G05 Answer

#include <stdio.h>

struct Bulb
{
  int watts;
  int lumens;
};

/* function to print a Bulb */
void printBulb( struct Bulb b )
{
  printf("watts = %d\tlumens = %d\n", b.watts, b.lumens );
}

int main(int argc, char *argv[])
{
  int j;
  
  /* declare an array of 10 Bulbs */
  struct Bulb lights[10] ;
  
  /* zero all Bulbs */
  for ( j=0; j<10; j++ )
  {
    lights[j].watts = 0; lights[j].lumens = 0;
  }
    
  /* initialize several Bulbs */
  lights[0].watts = 100; lights[0].lumens = 1710;
  lights[1].watts =  60; lights[1].lumens = 1065;
   
  /* print values of Bulbs */
  for ( j=0; j<10; j++ )
  {
     printf("Bulb %2d: ", j );
     printBulb( lights[j] );
  }  
    
  system("PAUSE");	
  return 0;
}

Comments: If the array is declared as a local variable (as it is in the above program) it will not be initialized and the values of the members will be unpredictable.
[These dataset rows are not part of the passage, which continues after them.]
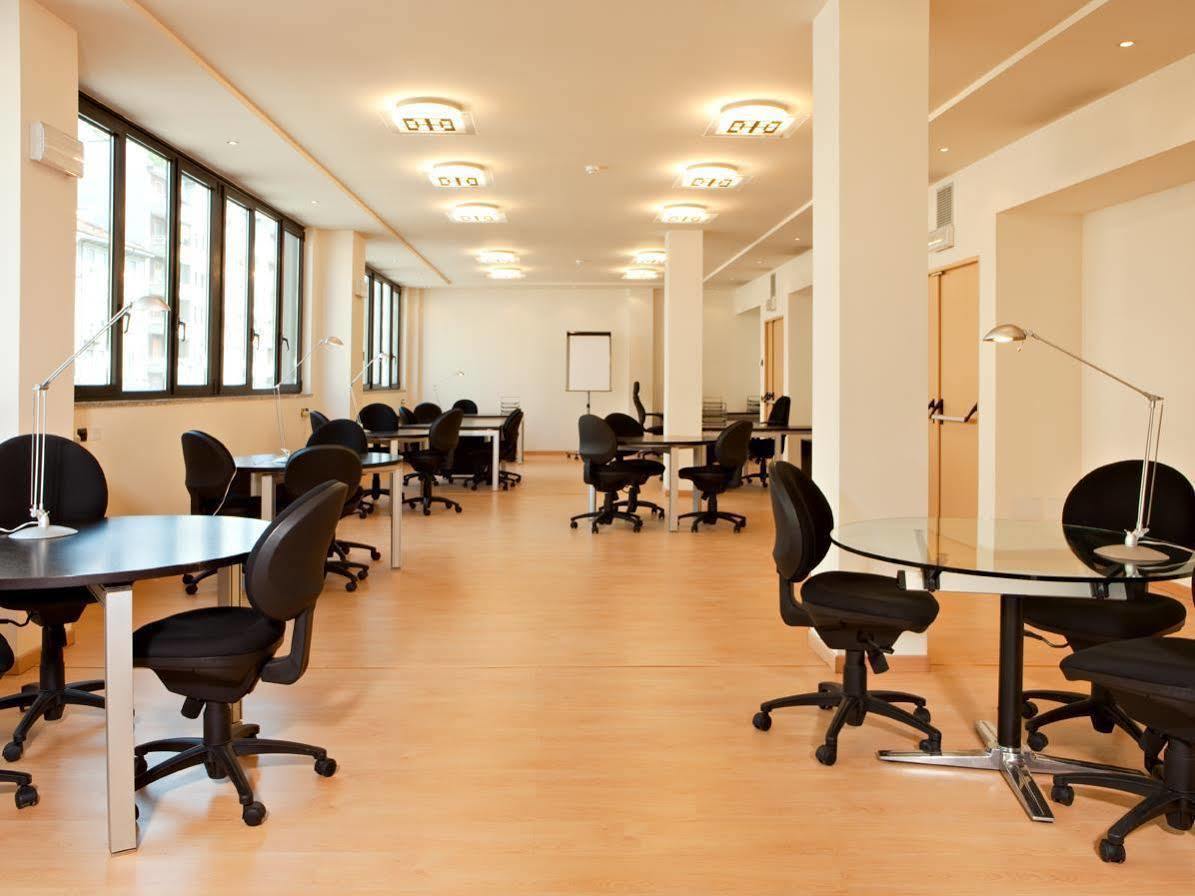 Unaway Hotel & Residence Linea Uno Milano Extérieur photo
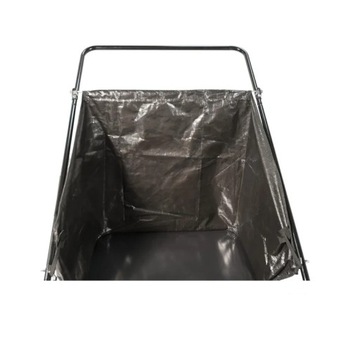 РУЧНАЯ ПОДМЕТАЛЬНАЯ МАШИНА ДЛЯ ТРАВЫ СКРЕБОК ДЛЯ ЛИСТ AGRIFAB США 660 ММ ОРИГИНАЛ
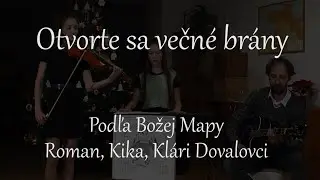 Otvorte sa večn&eacute; br&aacute;ny
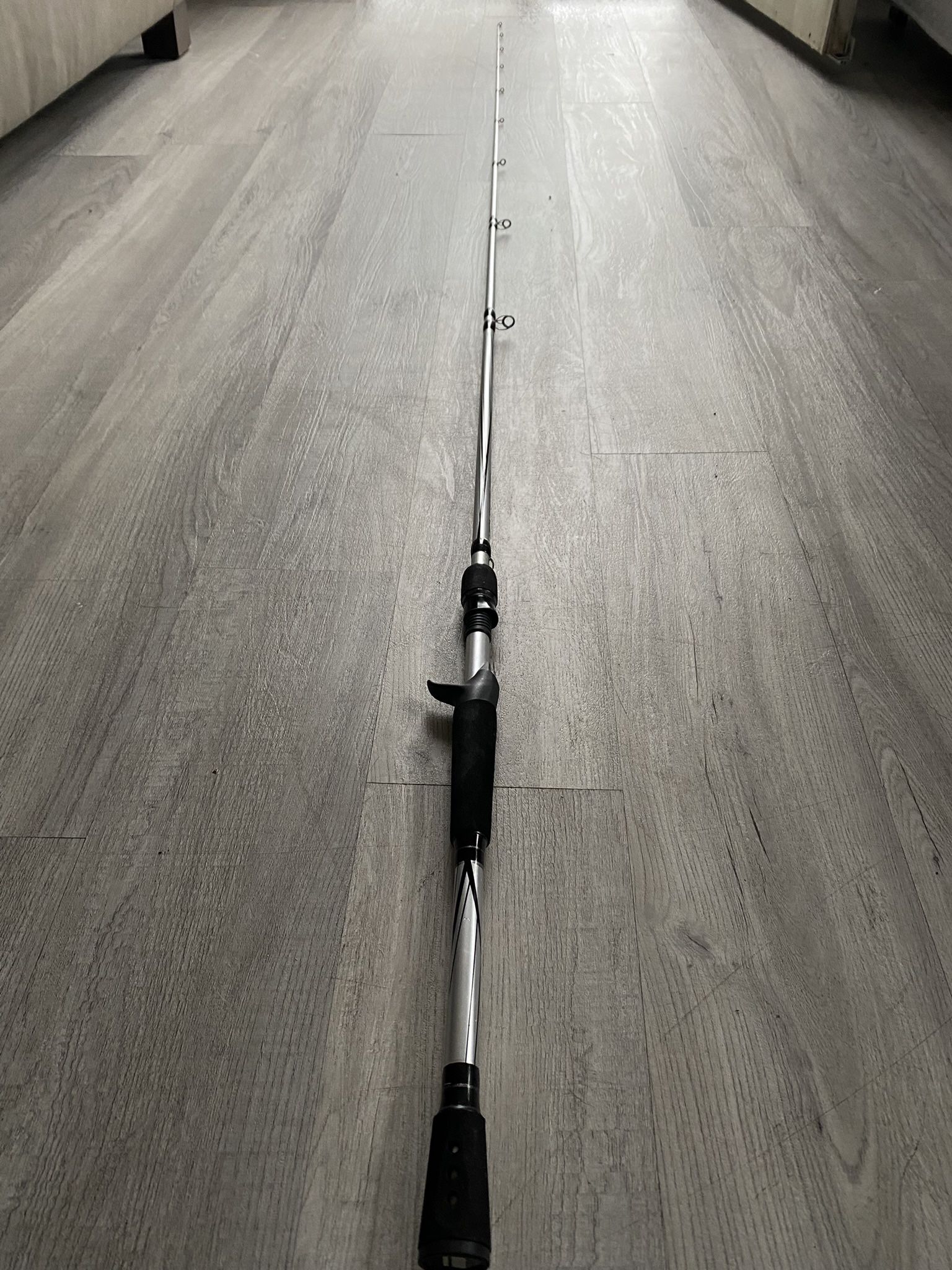 Abu Garcia Baitcasting Rod Fishing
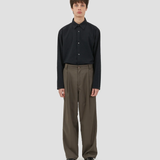 Fairly Normal - Big Pants / Wool Khaki | Fairly Normal | Mad About The Boy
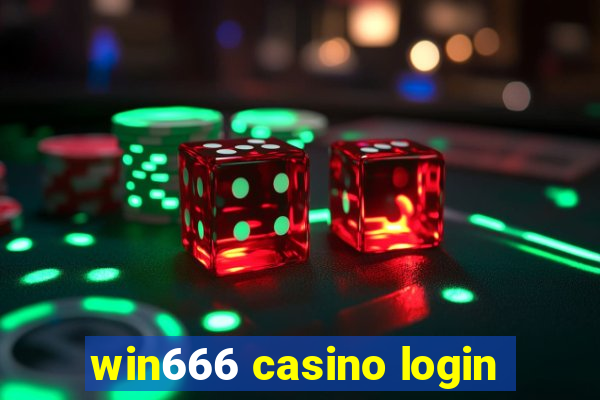 win666 casino login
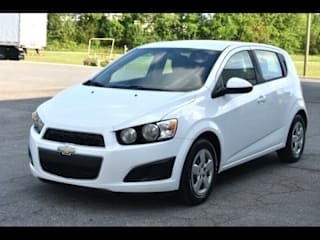 2015 Chevrolet Sonic LS Auto 1G1JA6SH7F4134988 2015 Chevrolet Sonic LS Auto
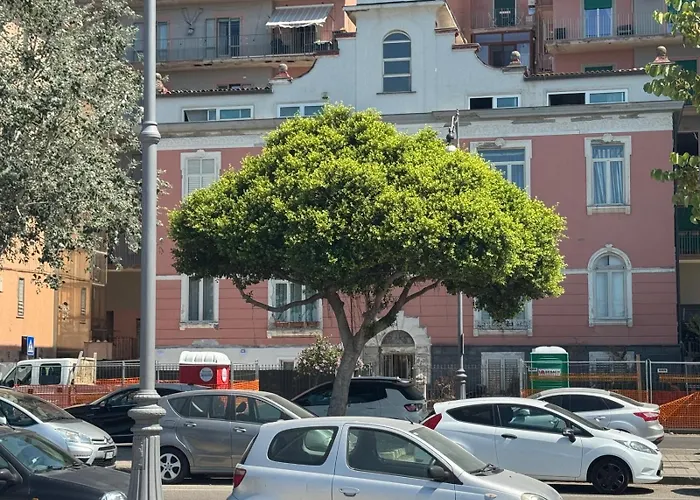 Apartman Via Leucosia Salerno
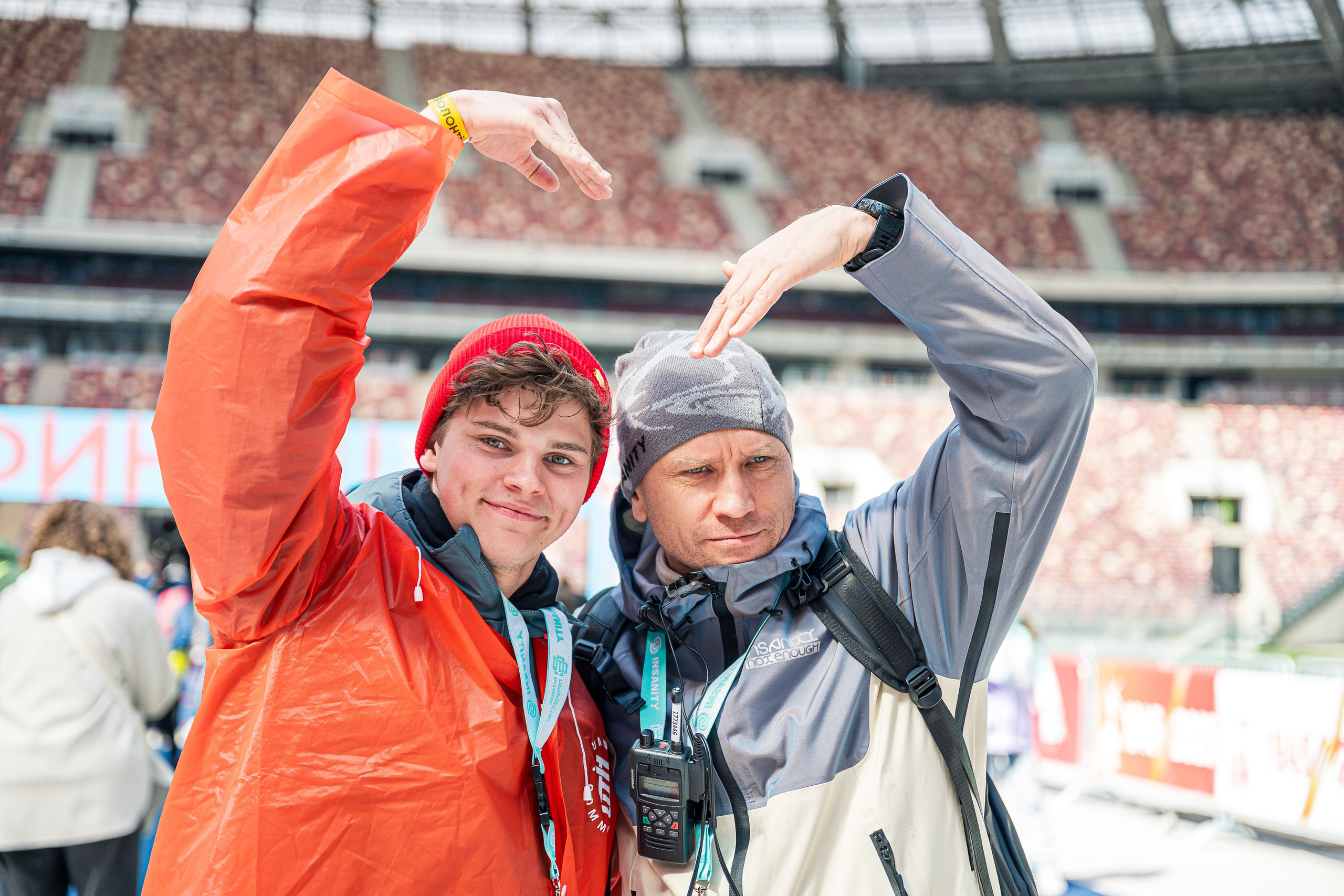 Московский полумарафон 2025. Репортажный фотограф Сергей Квартальнов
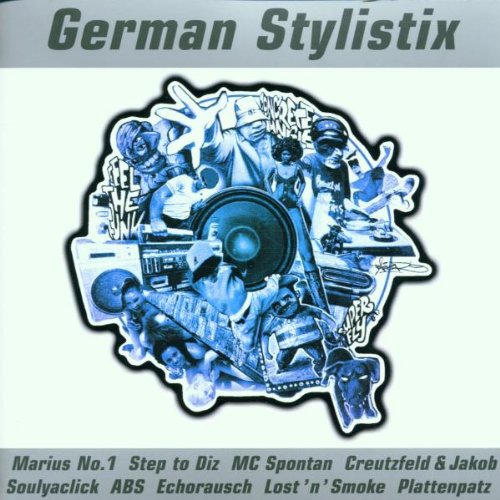 Product Image: German Stylistix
If the array is declared outside of any function, it will be allocated in static memory and will be automatically initialized to zero:

#include <stdio.h>

struct Bulb
{
  int watts;
  int lumens;
};

struct Bulb lights[10] ;

void printBulb( struct Bulb b )
{...}

int main(int argc, char *argv[])
{...}

Another way to initialize the first several elements is by using an initialization list:

struct Bulb lights[10] = { {100,1710}, {60,1065} };

Here, the first two elements of the array are initialized to the given values and the remaining elements are initialized to zero.